WHAT NEEDS TO BE DONE |
The answer must be an exact copy of the records below, with every picture left out.

───── THE RECORDS ─────

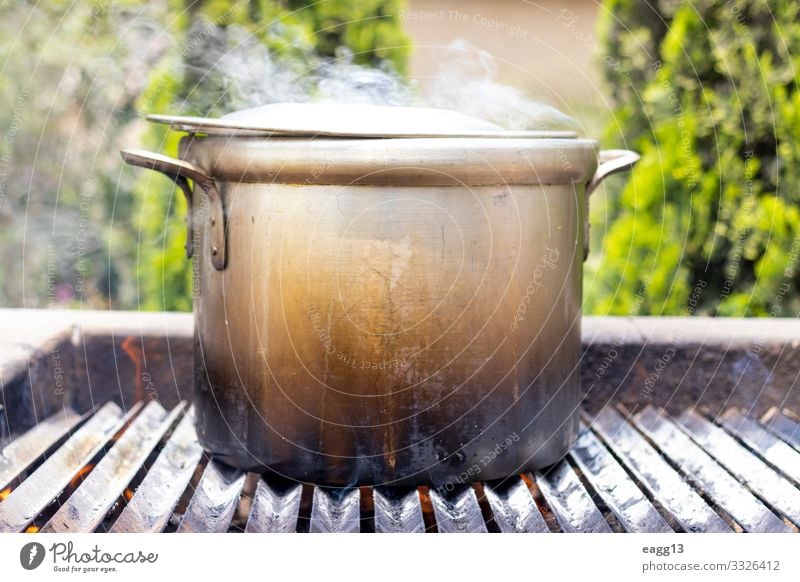 Preparation of soup in a pot, in nature. Meat Soup Stew Pot Vacation & Travel Camping Kitchen Nature Warmth Forest Mobile home Metal Large Hot Tradition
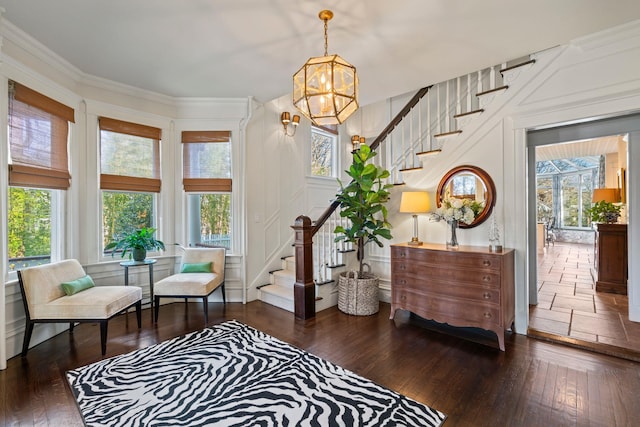 living area featuring wood-type flooring, a notable chandelier, and a healthy amount of sunlight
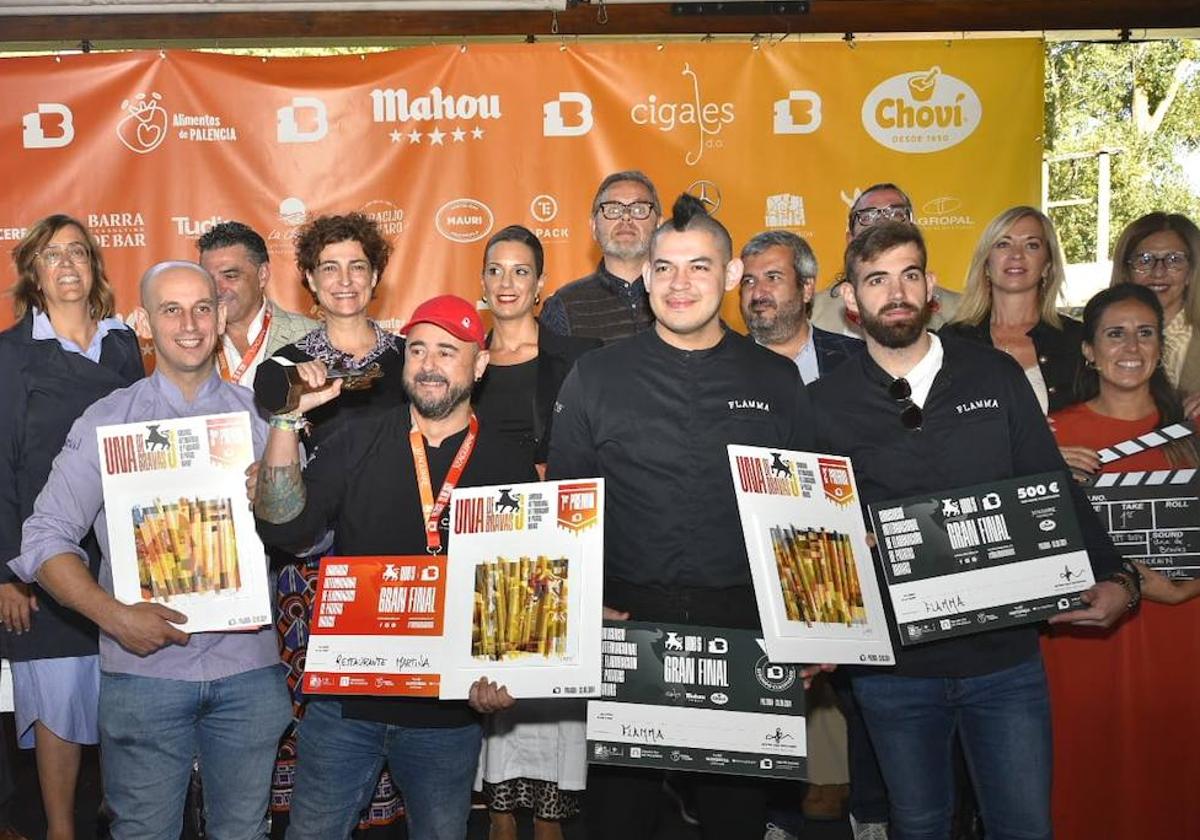 El primer premio levanta la estatuilla del Cristo, a la derecha, los dos cocineros de Flamma Valladolid, y a la izquierda, el tercera galardonado, en una foto de familia con organizadores y patrocinadores.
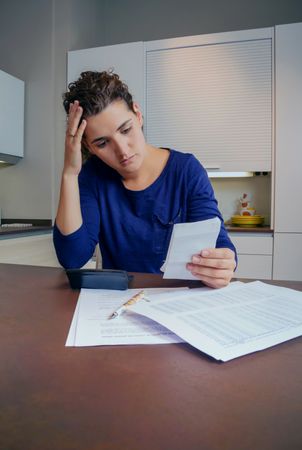 Stressed woman reviewing bills at kitchen counter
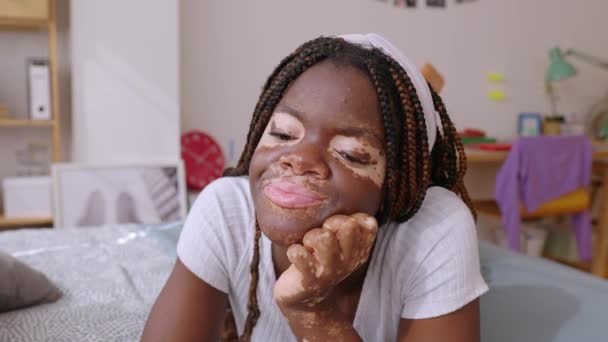 ベッドに横たわる夢を見るアフリカの若い笑顔の女性 広大なミレニアル世代の女性が部屋でリラックス — ストック動画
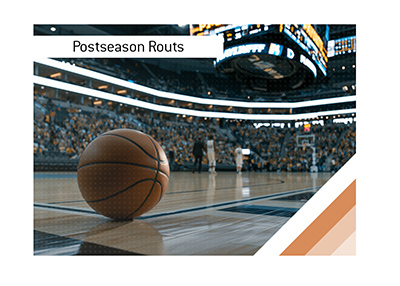 Basketball resting on NBA playoff court with blurred scoreboard and arena crowd background.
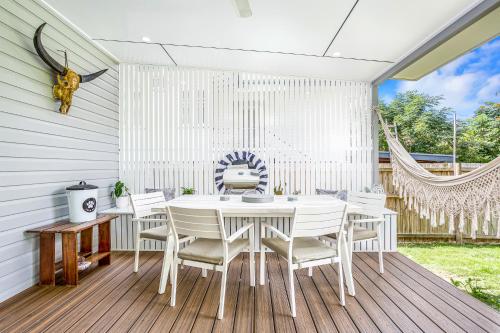 a white dining room with a white table and chairs at Kiki, 6 mins to Cairns and Airport, pet friendly in Cairns North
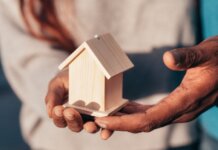 Close-up of hands holding a small wooden house, symbolizing real estate or home ownership.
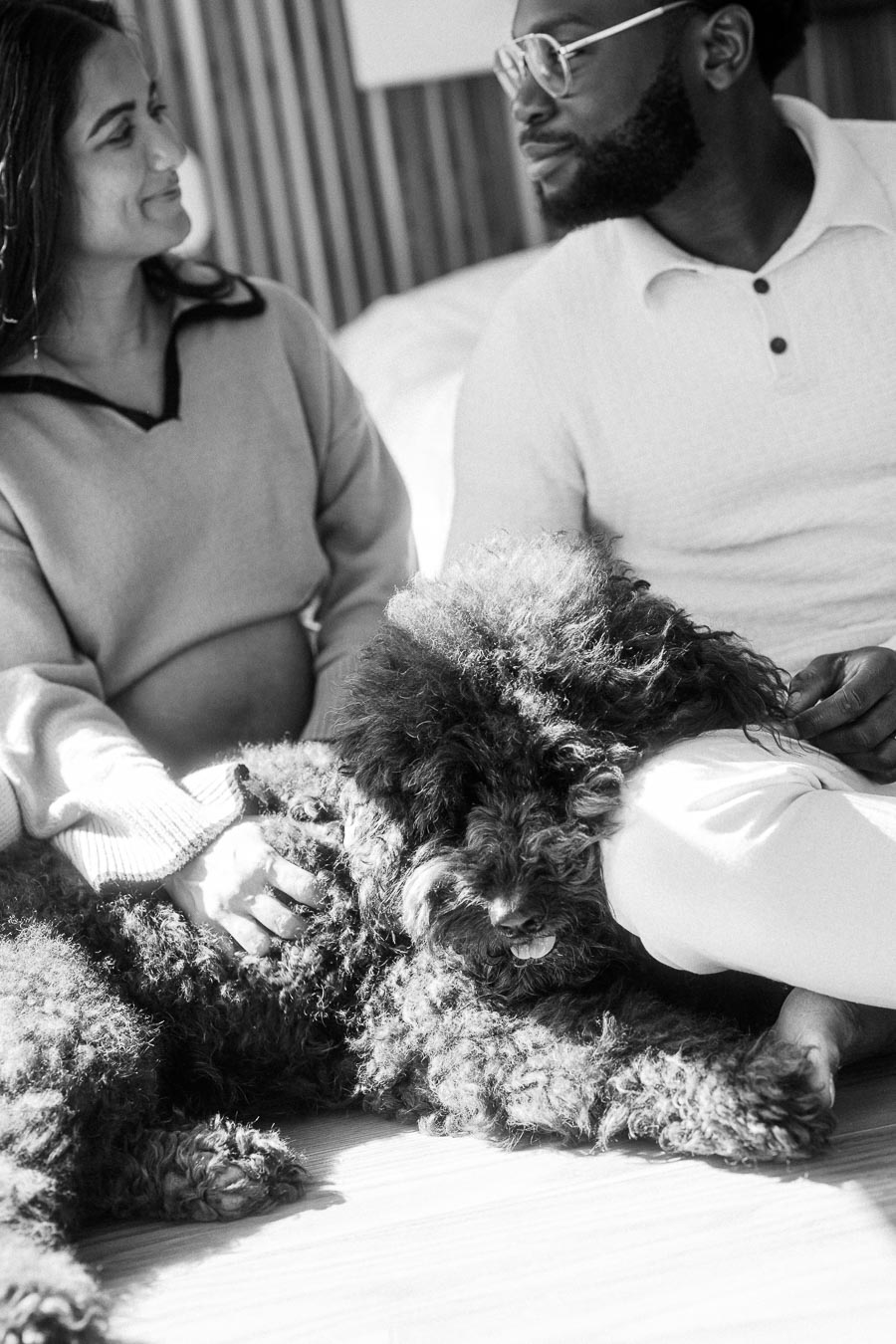 A black and white photo of a couple sitting closely with a large fluffy dog, creating a warm and cozy atmosphere.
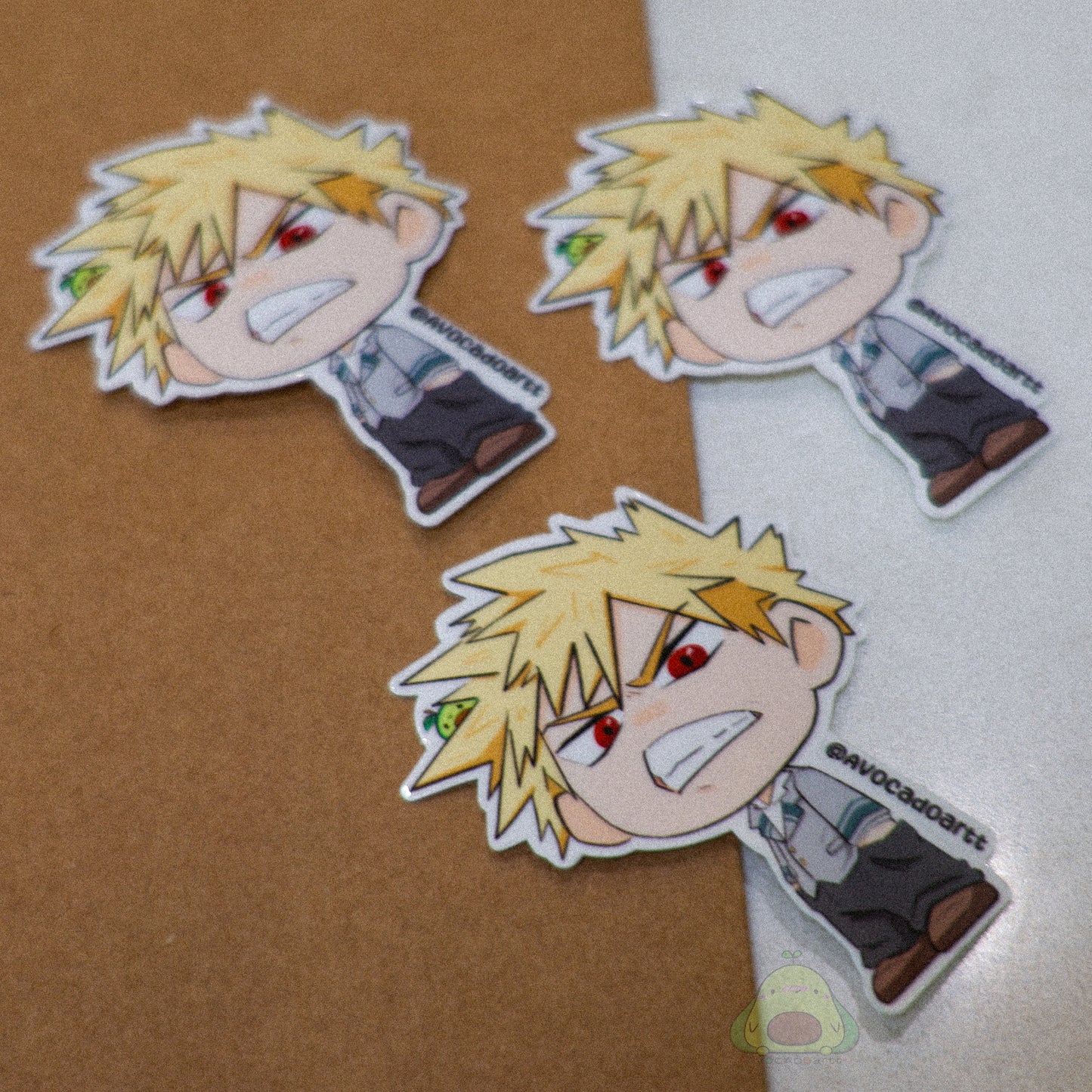 Handmade vinyl sticker of Bakugo from My Hero Academia, illustrated by Avocado Artt in an explosive pose with dynamic expression.
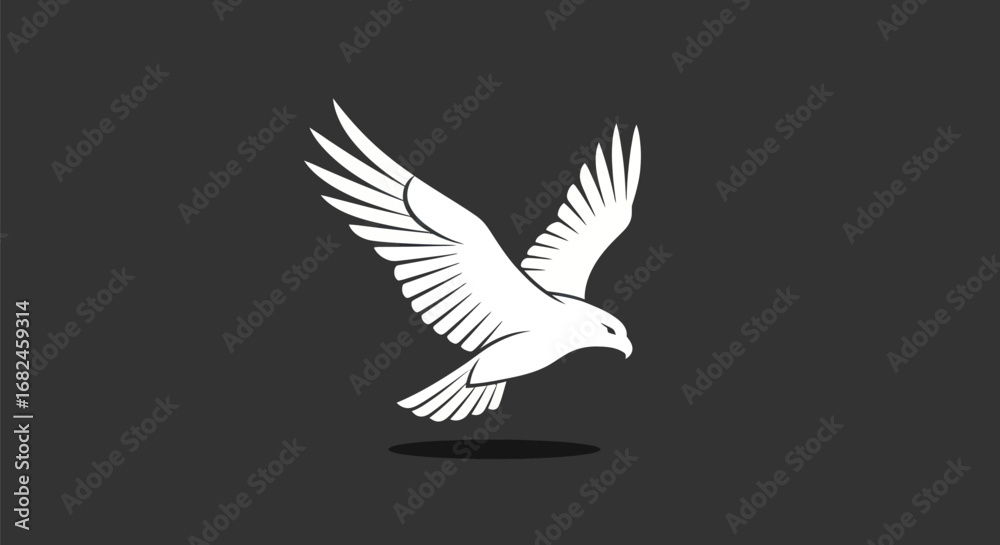 Obraz premium Majestic white eagle in flight with wings spread wide.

─────

WRITTEN ANSWER |
 Preparation of soup in a pot, in nature. Meat Soup Stew Pot Vacation & Travel Camping Kitchen Nature Warmth Forest Mobile home Metal Large Hot Tradition
 living area featuring wood-type flooring, a notable chandelier, and a healthy amount of sunlight
 El primer premio levanta la estatuilla del Cristo, a la derecha, los dos cocineros de Flamma Valladolid, y a la izquierda, el tercera galardonado, en una foto de familia con organizadores y patrocinadores.
 Stressed woman reviewing bills at kitchen counter
 ベッドに横たわる夢を見るアフリカの若い笑顔の女性 広大なミレニアル世代の女性が部屋でリラックス — ストック動画
 Basketball resting on NBA playoff court with blurred scoreboard and arena crowd background.
 a white dining room with a white table and chairs at Kiki, 6 mins to Cairns and Airport, pet friendly in Cairns North
 Close-up of hands holding a small wooden house, symbolizing real estate or home ownership.
 A black and white photo of a couple sitting closely with a large fluffy dog, creating a warm and cozy atmosphere.
 Handmade vinyl sticker of Bakugo from My Hero Academia, illustrated by Avocado Artt in an explosive pose with dynamic expression.
 Obraz premium Majestic white eagle in flight with wings spread wide.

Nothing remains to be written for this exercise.